Judge Parrott refuses to proceed with the divorce case because of the pending bankruptcy action. A bankruptcy petition filed pursuant to the Bankruptcy Code operates as an automatic stay to prevent creditors from taking any actions regarding the creation, perfection, or enforcement of any debt, lien, or judgment. 3 Spike, Ohio Family Law and Practice (1994) 200, Section 41.11; Section 362(a), Title 11, U.S.Code. The automatic stay does not apply to the "establishment or modification of an order for alimony, maintenance, or support," or the "collection of alimony, maintenance, or support from property that is not the property of the estate." Sections 362(b)(2)(A)(ii) and 362(b)(2)(B), Title 11, U.S.Code.
Judge Parrott initially inactivated Miley's divorce case specifically because of the automatic stay. However, although the filing of a bankruptcy petition stays the equitable distribution in a divorce case of the debtor's interest in marital assets, certain aspects of the divorce case, such as dissolution of the marriage and child custody issues, are not stayed. In re Roberge (Bankr.E.D.Va. 1995), 181 B.R. 854, 857. Further, the stay may be lifted or modified for cause. See, generally, 2 King, Collier on Bankruptcy (15 Ed. 1995) 362-64, Section 362.07; Section 362(d)(1), Title 11, U.S.Code.
The stated duration of Judge Parrott's order inactivating the divorce case was "until such time as [he] is advised in writing of the stay having been lifted * * *." The bankruptcy court granted relief pursuant to Section 362(d), Title 11, U.S. Code, and lifted the stay to permit Judge Parrott to proceed with the divorce case. Miley advised Judge Parrott in writing that the bankruptcy court had modified and lifted the stay order. Therefore, Judge Parrott's initial rationale for inactivating the divorce case no longer exists.

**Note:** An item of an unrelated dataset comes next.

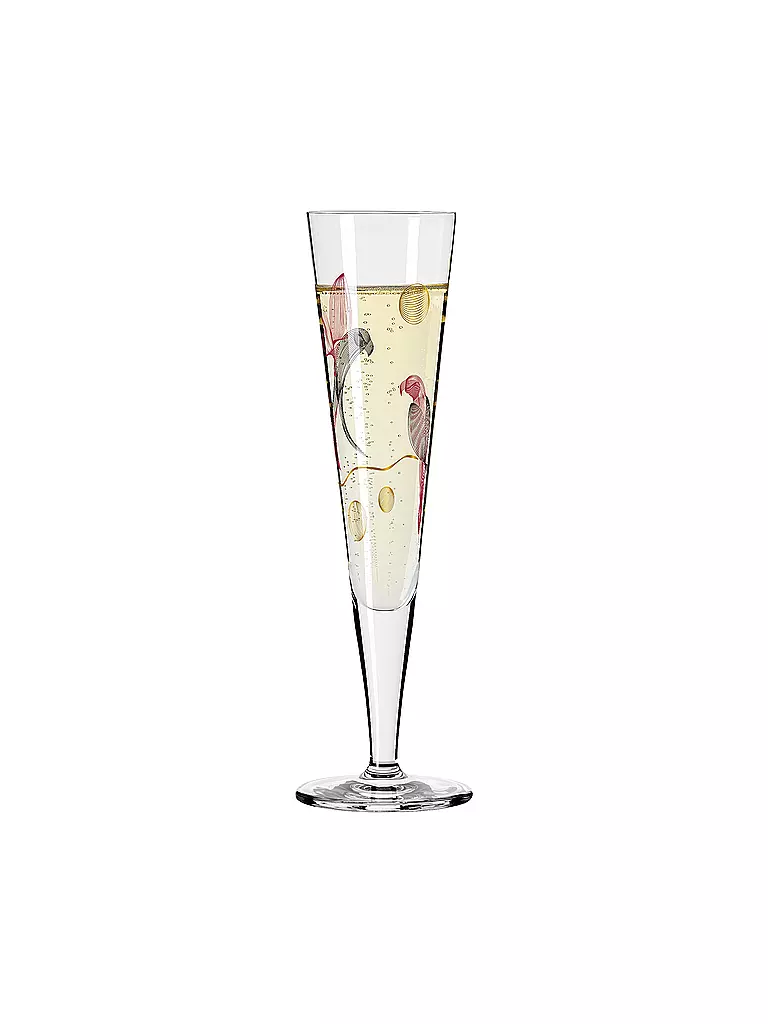 RITZENHOFF | Champagnerglas Goldnacht Champus #16 Christine Kordes 2021  | gold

Judge Parrott later stated that he would not reactivate the divorce case because he feared being in contempt of the bankruptcy court's stay. Willful violation of the automatic stay may subject the violator to a finding of contempt. 2 King, supra, at 362-89, Section 362.11. Yet, in this case, the bankruptcy petition filed by the debtor did not stay all aspects of the divorce case, and as to those aspects it did stay, the bankruptcy court expressly modified and lifted the stay. Judge Parrott's concern that he may be found in contempt of the stay is thus meritless.

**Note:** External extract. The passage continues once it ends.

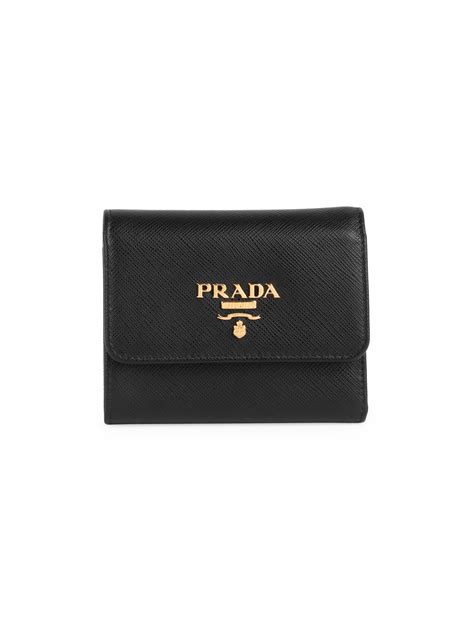 prada leather womens wallet|buy prada wallet online.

Judge Parrott also seems to suggest the divorce case would be better resolved after the conclusion of the bankruptcy proceedings. However, the opposite is true. "`It is appropriate for bankruptcy courts to avoid incursions into family law matters out of consideration of court economy, judicial restraint, and deference to our state court brethren and their established expertise in such matters.'" In re Bible (Bankr.S.D.Ga. 1990), 110 B.R. 1002, 1009, quoting In re MacDonald (C.A.9, 1985), 755 F.2d 715, 717. The United States Court of Appeals for the Sixth Circuit observed:
"Lifting the automatic stay as provided in 11 U.S.C. § 362(d) in this case will permit the state court to exercise limited jurisdiction in the kind of matter that is traditionally exclusively reserved for state divorce courts. Bankruptcy courts in other cases have not declined to lift the stay to allow divorce proceedings to conclude. * * * The Bankruptcy Code does not define a debtor's interest in property; the answer to that question must be made after reference to state law. * * * With regard to the present pending state court divorce proceedings, the bankruptcy court has acted to permit the state court with expertise in such matters to decide questions that are an inherent part of the divorce process." (Citations omitted.) In re White (C.A.6, 1988), 851 F.2d 170, 173; see, also, In re Hohenberg (Bankr.W.D.Tenn. 1992), 143 B.R. 480, 485.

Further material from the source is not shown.